Bugs Bunny famously said, on more than one occasion, that he “should have taken the left turn at Albuquerque.” But that’s not New Mexico’s only connection to Looney Tunes. Amid the display of model sheets, artist sketches, animation cels and background paintings from the ’30s, ’40s and ’50s, the museum has inserted a number of the animators’ real-world inspirations.
“The Looney Tunes cartoons are set in the American Southwest and were the first introduction many had to its landscape and animals,” says museum educator Misty Carty. “We’ve had fun comparing the imagery in the cartoons with real life, including adding real New Mexican animal displays to the exhibit. The public can see the size and coloring of a real coyote and roadrunners next to the original artwork of Wile E. Coyote and Road Runner. And we have mice, a skunk and a duck to compare to Speedy Gonzalez, Pepé Le Pew and Daffy Duck.” So, alongside images of Looney Tunes’ famed antagonists Coyote and Road Runner, you’ll find an actual coyote and roadrunner (albeit of the stuffed and mounted variety). Fans of the Coyote’s favorite traps (ordered direct from ACME Corp.) will be amused to spot a real TNT plunger, used historically in many of New Mexico’s mines. There’s even a display of Albuquerque Balloon Fiesta posters.
“The imagery of Wile E. Coyote, Road Runner and Bugs Bunny have been featured on Balloon Fiesta posters,” notes Carty. “We have on loan the original Balloon Fiesta posters from the first gathering in 1972; the Wile E. Coyote poster was signed by all of the pilots that year. And we also have the current series of posters on display featuring the Looney Tunes characters that will culminate next year for the 50th anniversary of Balloon Fiesta.”

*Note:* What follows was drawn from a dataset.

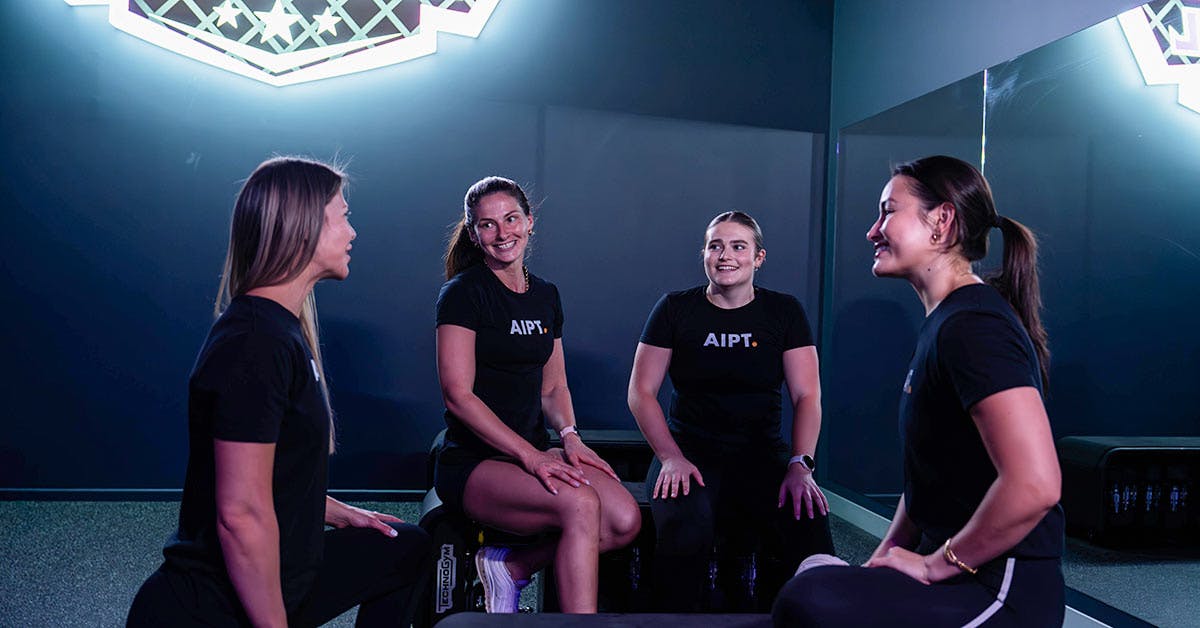 Four female AIPT fitness students and mentors wearing branded black shirts talking together in a gym studio setting.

On Dec. 18 the museum starts out the day with a screening of some favorite Looney Tunes cartoons in the Versus Research Dynatheater starting at 10am. Among the animated shorts will be 1949’s “Fast and Furry-ous,” the first Coyote and Road Runner cartoon, and the 1953 Daffy Duck flight of fancy “Duck Dodgers in the 24½th Century.” That sci-fi comedy is particularly apt, since the Museum of Natural History has a close association with the planet Mars, having provided analysis before, during and after the Mars 2020 Perseverance Rover mission. Dr. Larry Crumpler, a volcanology and space sciences researcher at NMMNHS, was named to the mission team following his ground-breaking work with the Mars Exploration Rover in 2003 to 2018. (The museum also has a new exhibit on Mars opening up in its Space Sciences wing, so be sure to stop by and check that out as well.) The cartoon screenings are followed by a Science Story Time and a selection of fun activities from participants from around the state, including the Energetic Materials Research and Testing Center from New Mexico Tech in Socorro, New Mexico Department of Fish & Game, St. John’s College from Santa Fe and the ABQ BioPark.

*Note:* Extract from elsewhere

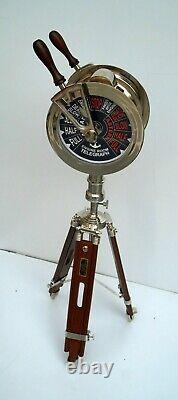 Vintage brass telegraph navy ship engine room with floor wooden tripod stand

“Most people are drawn in by the fun aspect of the exhibit, the nostalgia they feel when they see the characters, and the exhibit’s uniqueness,” says Carty. “It’s unexpected to see a Looney Tunes exhibit in a natural history museum. Our twist of connecting the art to the nature of New Mexico has been a fun and memorable educational experience for everyone.”
Admission to the Art of Warner Bros. exhibit and the Looney Tunes screening on Saturday, Dec. 18 is free with regular museum admission. General admission (18 to 59 years of age) is $8. Seniors (60+) and teens (13 to 17) are $7. Children 3 to 12 are $5. To reserve tickets in advance, go to my.nmculture.org/events/123,680.